Estaba pálido y la miraba con expresión de incredulidad. Su sorpresa hizo que Leticia se parara a pensar. Tal vez su reacción era exagerada…
Por supuesto que era una reacción exagerada. Eso era lo que hacía siempre. Era como una terminación nerviosa expuesta, temblorosa y desnuda ante el mundo.
–Deberías haberme preguntado si me parecía bien.
–No quería perderme el momento –se justificó él, pasándole el cuaderno.
Leticia intentó prepararse para lo que podría ver en la página…
La mujer del dibujo dormía tranquilamente, con una sonrisa en los labios y una mano doblada sobre la almohada. Fernando había dibujado las cicatrices en su cara, en su brazo, en su pecho, pero no como ella las veía. No eran vívidas como un cartel de neón, lo más importante de ella. Eran parte de ella, parte del paisaje de su cuerpo, pero no la parte más importante. Su pelo estaba extendido sobre la almohada, su cuerpo totalmente relajado.
Había una gran belleza en ese dibujo; no la belleza que destacaban las revistas de moda sino una diferente, más valiente, más terrenal. Y también había afecto, comprensión y…
Leticia levantó la cabeza. Fernando estaba mirándola con una expresión indescifrable…
–Te quiero –le dijo él.
La antigua Leticia, la Leticia que temía salir de su casa, quería rechazar esa declaración de amor. ¿Cómo podía amarla cuando su aspecto era…?
Pero el dibujo que tenía en la mano era real. El brillo en los ojos de Fernando era real. Y los sentimientos que experimentaba eran reales. Los mensajes que habían intercambiado, los secretos y verdades que habían compartido, la jornada que habían iniciado juntos… todo eso era real. Real, poderoso e innegable.

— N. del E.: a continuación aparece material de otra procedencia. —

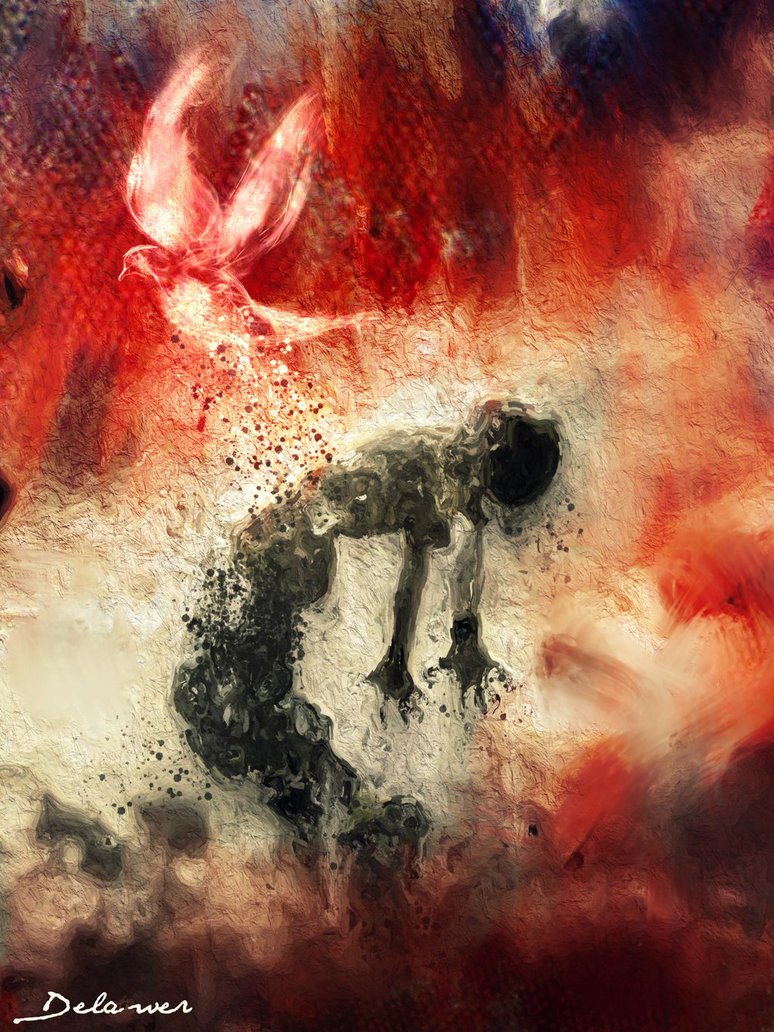 774x1032 Rebirth By Delawer Omar - Emotional Painting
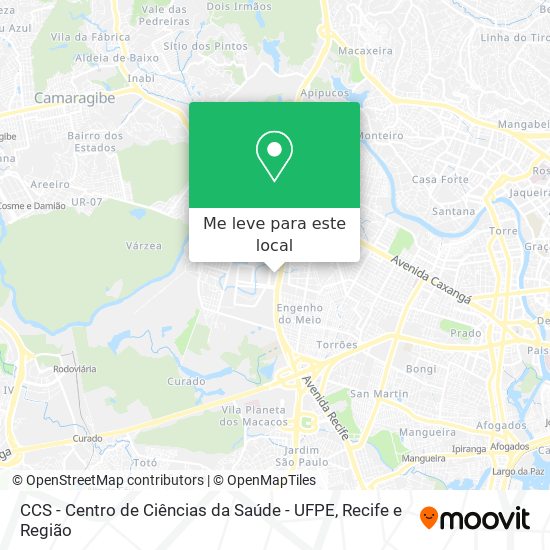 CCS - Centro de Ciências da Saúde - UFPE mapa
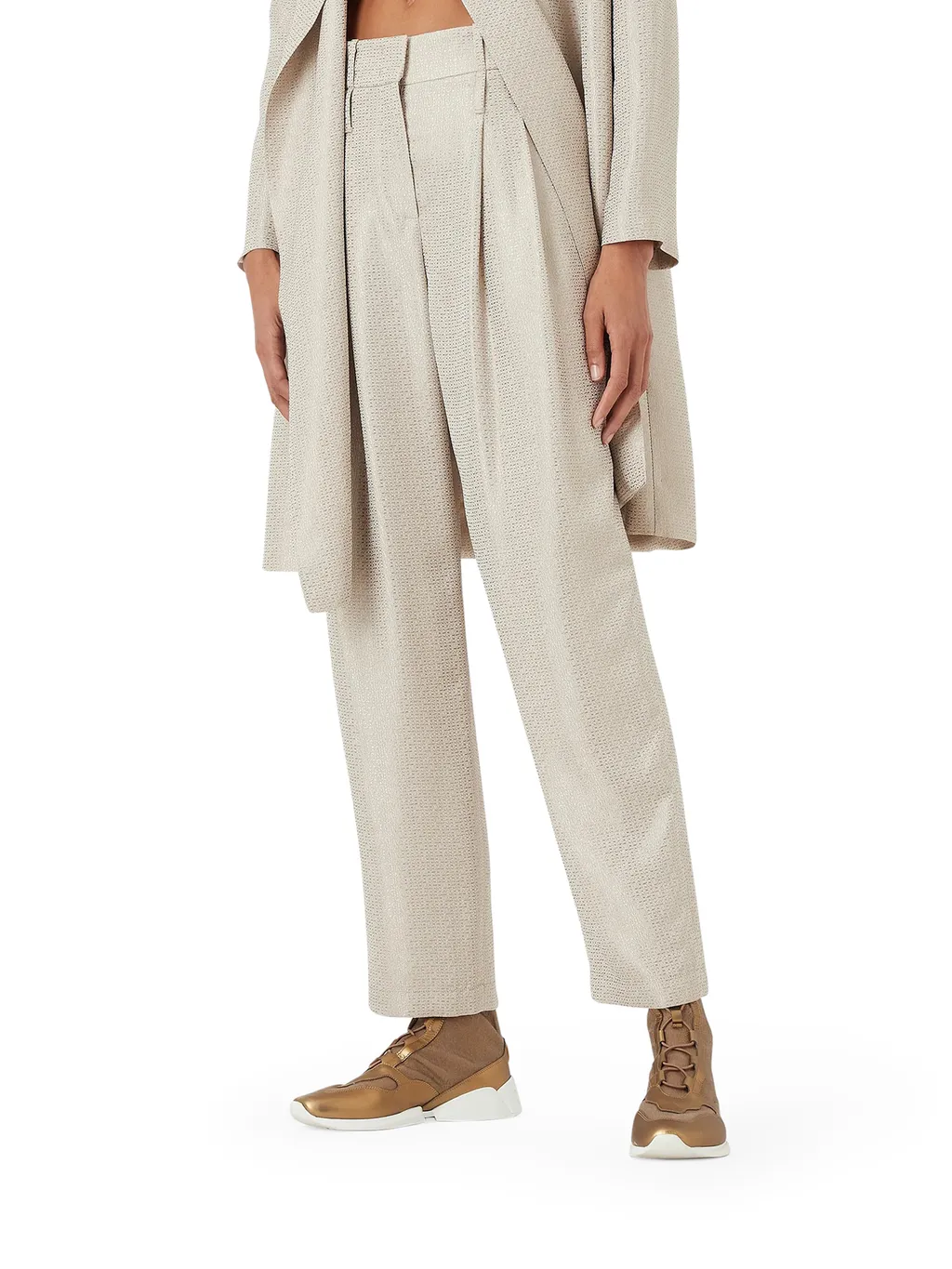 High Waist Cropped Trousers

–Yo también te quiero. –le confesó por fin– Pero me da tanto miedo…
–Lo sé. –dijo él– Pero como he dicho antes, no pienso ir a ningún sitio.
Fernando le quitó el cuaderno de la mano y, después de dejarlo en el suelo, la abrazó de nuevo para buscar sus labios.
Leticia tenía tantas dudas… pero mientras disfrutaba de la presión de su boca sintió la primera punzada de deseo. Era como un río de lava que recorría sus venas y su cuerpo entero.
Estuvo a punto de soltar una carcajada. Un hombre, un hombre muy especial, estaba besándola. Ella quería que lo hiciera y le gustaba. Le gustaba muchísimo. Todo era tan normal. Tan increíblemente normal y prosaico.
Era increíblemente maravilloso.
–Bésame otra vez –le pidió.
Y él lo hizo.
FIN
Nota:
Esta es una historia original de Sarah Mayberry, publicada en 2011 por Harlequín Ibérica.